→ Task prompt
Return exactly the lines of the records below, starting at the line that contains "Building Photo - 3237 McClellan Way SE" and ending at the line that contains "Anillo cuatro alambres (2planos 2entor)", with both of those lines kept.

→ Task data
*** Block opens ***
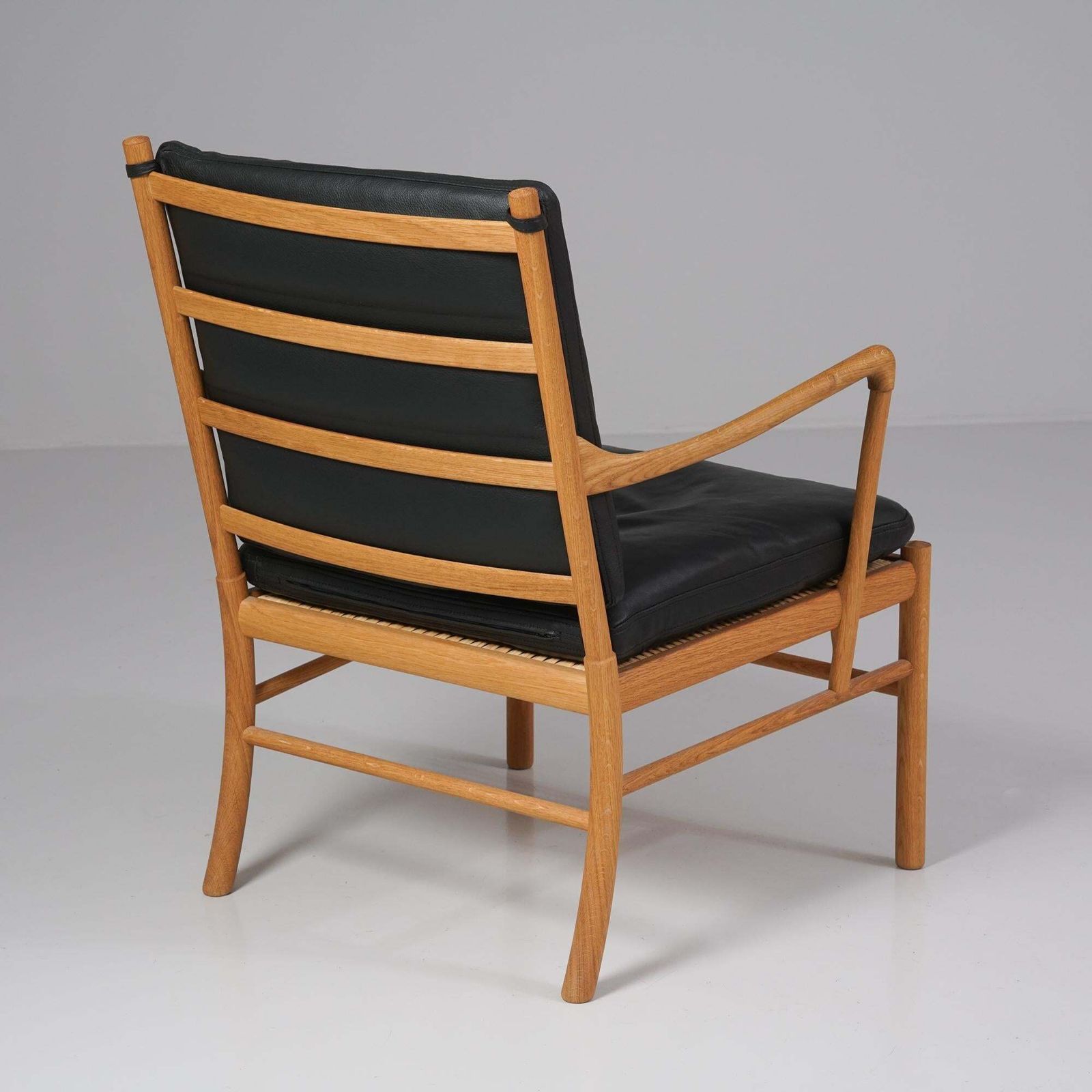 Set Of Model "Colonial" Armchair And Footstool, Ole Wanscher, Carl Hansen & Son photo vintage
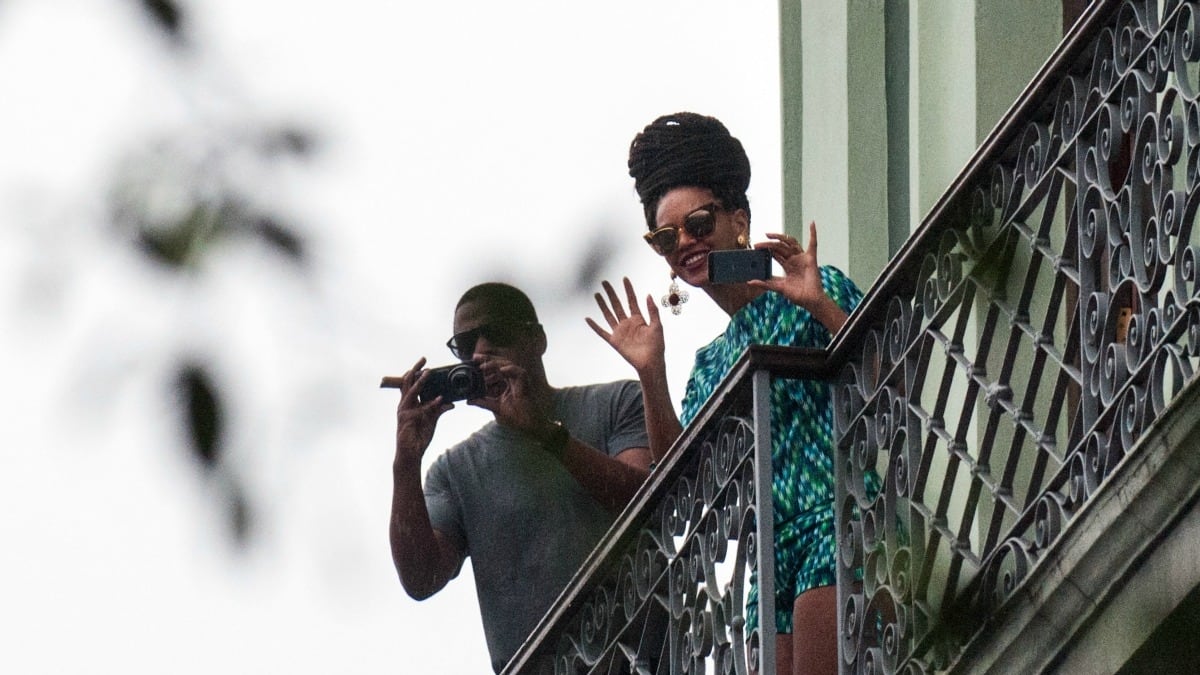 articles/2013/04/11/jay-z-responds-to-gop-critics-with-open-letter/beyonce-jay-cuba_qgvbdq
*** Block closes ***
*** Block opens ***
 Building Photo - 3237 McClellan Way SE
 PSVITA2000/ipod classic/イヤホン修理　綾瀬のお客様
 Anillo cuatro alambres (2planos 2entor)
*** Block closes ***
→ Result
 Building Photo - 3237 McClellan Way SE
 PSVITA2000/ipod classic/イヤホン修理　綾瀬のお客様
 Anillo cuatro alambres (2planos 2entor)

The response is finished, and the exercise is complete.